The importance of BSLT has been evidenced in the determination of bio-activity of synthetic or natural plant products, [8] detection of anti-tumor compounds in terrestrial plant extracts [10],[11] and in vitro growth inhibition of human solid tumor cell lines. [12] Nevertheless, there is a lack of uniformity in the concentration used for these solvents in pharmacological evaluation. This study has identified the limiting concentration of the solvents that could be used for BSLT without the outcomes of the test being affected by the solvents.

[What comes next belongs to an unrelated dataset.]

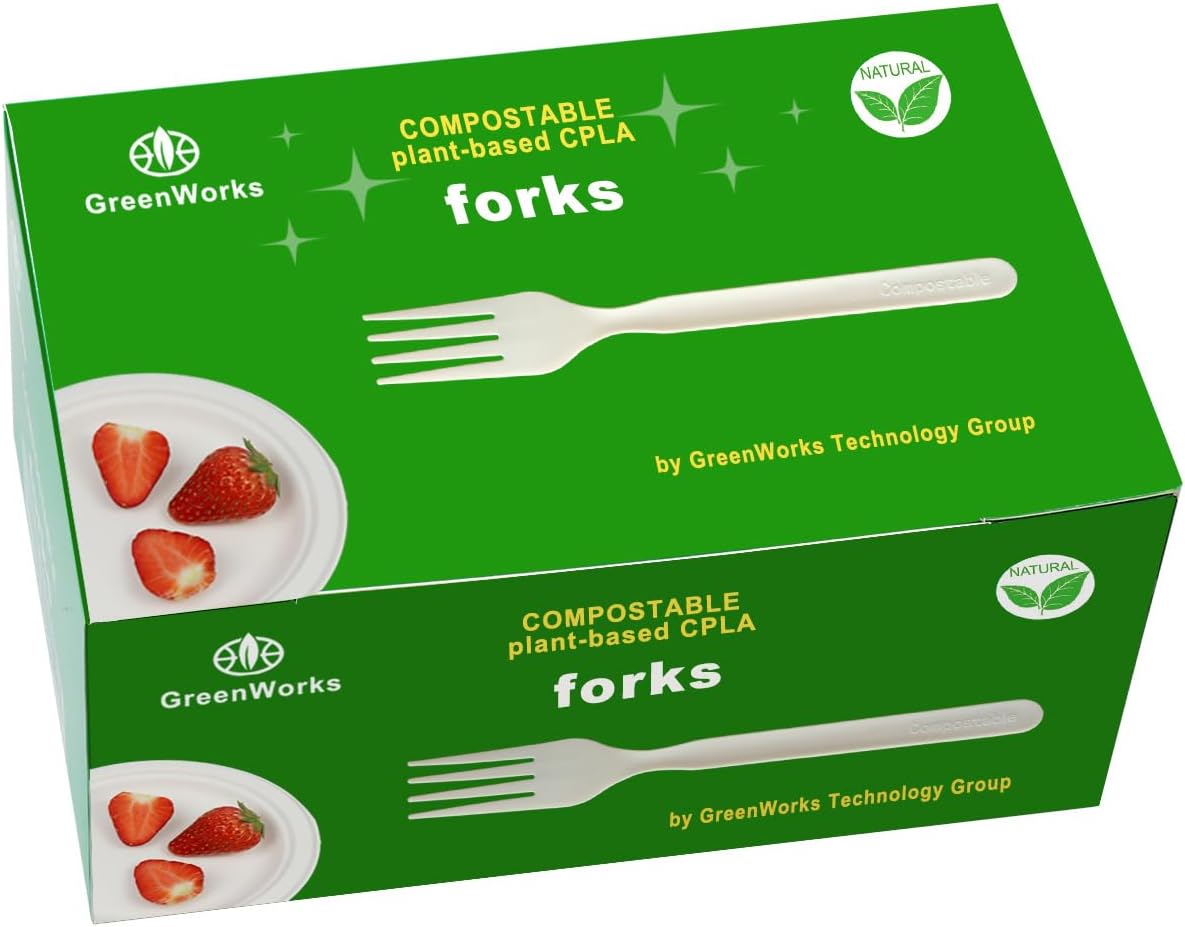 GreenWorks Heavy-duty Compostable Forks, BPI Certified 100 Count Large Disposable Cutlery Utensils Silverware Flatware Fork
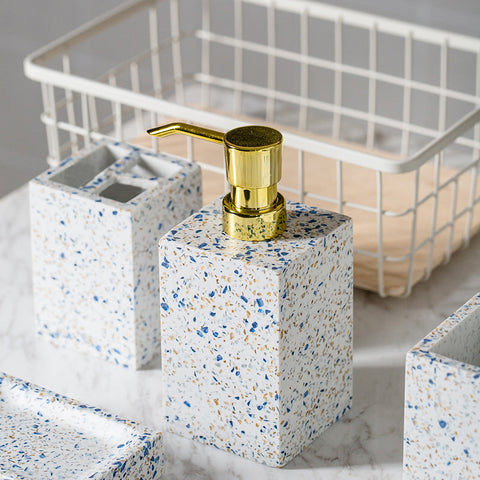 Stylish and Practical Terrazzo-Style Bathroom Accessories Set for Organized and Elegant Bathroom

Brine shrimps were cultured in various solvents at various concentrations for 24 h. DMSO, methanol, ethanol and Tween 20 are commonly used solvents in bioassays such as BSLT, antimicrobial and cytotoxicity activity tests. DMSO is widely used to dissolve plant extracts. Similarly, methanol and ethanol are also extensively used to dissolve a large number of chemical constituents in natural products. Nevertheless, albumin, gums, waxes, sucrose, fats and fixed oils are insoluble in methanol and ethanol. Tween 20 is very useful in dissolving the essential oil and other oil substances in plant extracts.

Both methanol and DMSO were found to exert the killing effect on brine shrimp at 2.5%. However, the number of dead A. salina in methanol was found to be higher than DMSO at this concentration, indicating that DMSO might be less toxic compared with methanol at 2.5%. DMSO was therefore classified as the least toxic solvent, among the tested solvents, against brine shrimps.

Ethanol is well-known to be one of the best extractants to extract the phytoconstituents from plant materials. [13] Nevertheless, this organic solvent was found to have toxic effect against brine shrimps at 2.5%. All the tested brine shrimps were killed at 2.5% of ethanol, unlike that with methanol (5%) and DMSO (10%), suggesting that ethanol was more toxic than these latter.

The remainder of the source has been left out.